Tuesday, November 9, 2010
Rated 5 Stars
I loved this book but it really did make my head spin. But it is si important to read"Blackout" before reading "All Clear" the latest novel by Connie Willis. It is not a sequel with explanations of what went on before, it's PART 2; it picks up right where the other left off. Together they combine to create a first rate suspenseful work in which many of the themes characteristic of her work - single-minded characters whose agendas interfere with the plans of the protagonists, the impact of technology on personal lives, the effort to cope with tragedy and loss - are on full display.
Even with reading them together I never did get all of it. This was a very complicated story. One charecter was in it twice, one as Mary in 1945 and as Polly in 1941. That kind of gave me a headache for a while intil I got a firm grip on it. I never did figuire out the Eileen-Colin link (???) butI really liked the Vicar and was glad that worked out.
There was a I scene in the War Museum that I especially loved because I have been there and went through the Blitz exhibit. It was exactly like it was described in the book.
I was an amazing story and I felt it was a real tribute to the people of London. On day in 1984 when I was at Jenny's house in Scotland her elderly Aunt came up from London for a visit. On a cold rainy day while Jenny was away from home her Aunt and I spent a long afternoon together. I was lucky and came up with an inspired question and asked her if she lived in London during the blitz.She said yes and I asked her what it was like. It was like I had opened a spigot. She talked about it all afternoon and I was absolutely fascinated. It was such a huge thing to have lived through and she obviously remembered everything about what she lived through. In my mind the book paid tribute to people like Jenny's Aunt Ciss.
I put those books on my hard drive and at some point I am going to listen to them again as one big book. My brain has a hard enough time with them without a long interuption in the middle.

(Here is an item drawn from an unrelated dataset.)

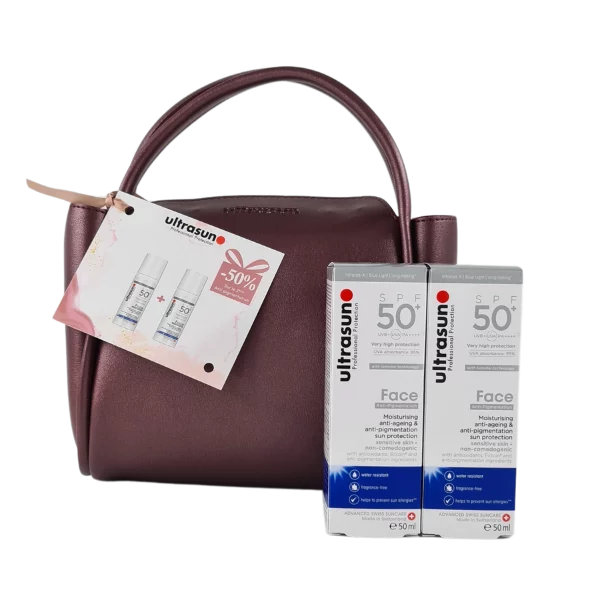 ULTRASUN SAC 2 ECRAN FACE GEL ANTI-PIGM SPF50+ 50ML -50% SUR LA 2EME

Thursday, November 4, 2010
Rated 5 Stars
Format: Audio Book
This was a do over for me. Here is my review from when I read it back in April.
My original review of Blackout
It was immediately evident to me that 1.) I read on an entirely different level than I listen, and 2.) mood plays a huge part in how I feel about a book when I read it.

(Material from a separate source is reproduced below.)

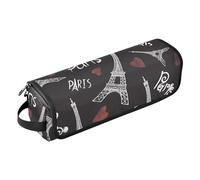 Torre Eiffel - Borsa porta attrezzi per acconciature, con tappetino resistente al calore, borsa organizer portatile per arricciacapelli, piastre, spazzole, fermagli e fascette per capelli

There are so many characters at the beginning, that it's hard to keep them straight. The reader/listener is getting the viewpoints of three main characters, historians Polly, Eileen and Mike, all time traveling to WWII England for first person experiences during the London Blitz. Polly as a shop clerk in London during the Blitz, Eileen as a maid in the north of England to observe child evacuees from London, and Mike to Dover to observe ships returning from the evacuation of British troops from Dunkirk. They all worry incessantly about every thing they do and whether what they've done has changed history. This got so tiresome that if this had been a book I probably would have wall banged it at least once. I would have picked it back up and continued to read it though. :) Also the number of obstacles the characters encountered every time they tried to so something felt contrived. However . . .
But I gave a 5 star rating on this journal for my reread that was AFTER I real the sequel (?) All Clear. These books do not stand alone. It is all one book and Blackout ends in the middle of the story. At the end of All Clear things made sense that annoyed the heck out of me in Blackout although I still thought that the characters agonized to much over every little thing they said or did.
These are great books but the plot is very complicated and multi layered. Be warned.